Task statement » Your task is to gather the lines below that hold the string "Sticker".

(Records excerpted from a collection)
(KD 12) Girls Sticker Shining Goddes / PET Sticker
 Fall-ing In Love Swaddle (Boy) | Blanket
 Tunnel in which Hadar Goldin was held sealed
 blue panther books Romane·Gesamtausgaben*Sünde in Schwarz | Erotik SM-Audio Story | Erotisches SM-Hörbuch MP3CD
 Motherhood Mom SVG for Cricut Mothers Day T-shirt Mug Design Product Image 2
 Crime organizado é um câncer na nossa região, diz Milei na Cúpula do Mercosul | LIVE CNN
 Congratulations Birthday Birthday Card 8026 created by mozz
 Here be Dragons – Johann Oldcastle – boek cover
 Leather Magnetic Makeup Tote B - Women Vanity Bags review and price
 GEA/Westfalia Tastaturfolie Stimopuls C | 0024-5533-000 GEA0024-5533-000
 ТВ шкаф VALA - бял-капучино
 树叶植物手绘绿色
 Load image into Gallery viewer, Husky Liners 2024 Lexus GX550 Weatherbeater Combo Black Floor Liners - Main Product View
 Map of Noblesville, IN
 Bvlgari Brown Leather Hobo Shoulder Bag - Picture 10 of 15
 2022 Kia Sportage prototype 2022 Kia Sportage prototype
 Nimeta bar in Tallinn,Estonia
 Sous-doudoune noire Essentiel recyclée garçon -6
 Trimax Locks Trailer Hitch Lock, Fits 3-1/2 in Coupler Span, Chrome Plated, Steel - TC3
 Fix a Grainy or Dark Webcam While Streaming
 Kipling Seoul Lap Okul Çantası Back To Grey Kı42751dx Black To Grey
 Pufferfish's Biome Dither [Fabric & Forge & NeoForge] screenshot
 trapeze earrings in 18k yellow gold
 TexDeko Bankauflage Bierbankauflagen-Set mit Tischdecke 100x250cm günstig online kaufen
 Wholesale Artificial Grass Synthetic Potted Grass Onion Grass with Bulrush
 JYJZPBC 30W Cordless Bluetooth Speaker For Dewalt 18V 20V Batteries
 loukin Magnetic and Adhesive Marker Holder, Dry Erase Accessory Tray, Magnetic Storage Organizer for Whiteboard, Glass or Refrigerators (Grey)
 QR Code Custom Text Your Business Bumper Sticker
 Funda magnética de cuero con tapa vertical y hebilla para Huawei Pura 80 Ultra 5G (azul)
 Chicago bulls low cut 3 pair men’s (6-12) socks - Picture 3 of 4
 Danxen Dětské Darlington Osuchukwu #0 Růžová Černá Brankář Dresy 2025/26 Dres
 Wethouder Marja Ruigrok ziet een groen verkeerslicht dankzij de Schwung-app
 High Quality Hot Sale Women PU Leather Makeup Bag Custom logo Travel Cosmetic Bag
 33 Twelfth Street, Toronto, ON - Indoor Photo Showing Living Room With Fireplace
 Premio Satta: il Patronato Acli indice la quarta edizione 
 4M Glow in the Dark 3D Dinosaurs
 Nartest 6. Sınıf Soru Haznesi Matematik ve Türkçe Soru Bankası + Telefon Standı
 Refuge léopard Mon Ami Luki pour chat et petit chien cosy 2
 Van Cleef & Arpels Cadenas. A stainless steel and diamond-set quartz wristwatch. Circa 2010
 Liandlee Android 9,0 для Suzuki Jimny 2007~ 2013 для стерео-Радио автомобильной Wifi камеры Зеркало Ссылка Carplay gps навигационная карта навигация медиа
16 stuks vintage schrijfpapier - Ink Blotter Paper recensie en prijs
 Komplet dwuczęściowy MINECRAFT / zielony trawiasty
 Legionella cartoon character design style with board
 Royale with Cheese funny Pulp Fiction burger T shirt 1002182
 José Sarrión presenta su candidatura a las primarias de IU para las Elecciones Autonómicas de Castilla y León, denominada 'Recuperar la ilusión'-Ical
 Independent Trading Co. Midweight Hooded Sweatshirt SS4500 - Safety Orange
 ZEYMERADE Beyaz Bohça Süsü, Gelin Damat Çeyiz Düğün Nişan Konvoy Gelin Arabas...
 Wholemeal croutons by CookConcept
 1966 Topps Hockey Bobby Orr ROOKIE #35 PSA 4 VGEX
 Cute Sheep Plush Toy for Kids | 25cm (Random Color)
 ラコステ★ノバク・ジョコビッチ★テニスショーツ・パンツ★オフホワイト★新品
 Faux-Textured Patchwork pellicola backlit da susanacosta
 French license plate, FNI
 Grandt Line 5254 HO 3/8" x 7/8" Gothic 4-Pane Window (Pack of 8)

Output for this task »
(KD 12) Girls Sticker Shining Goddes / PET Sticker
 QR Code Custom Text Your Business Bumper Sticker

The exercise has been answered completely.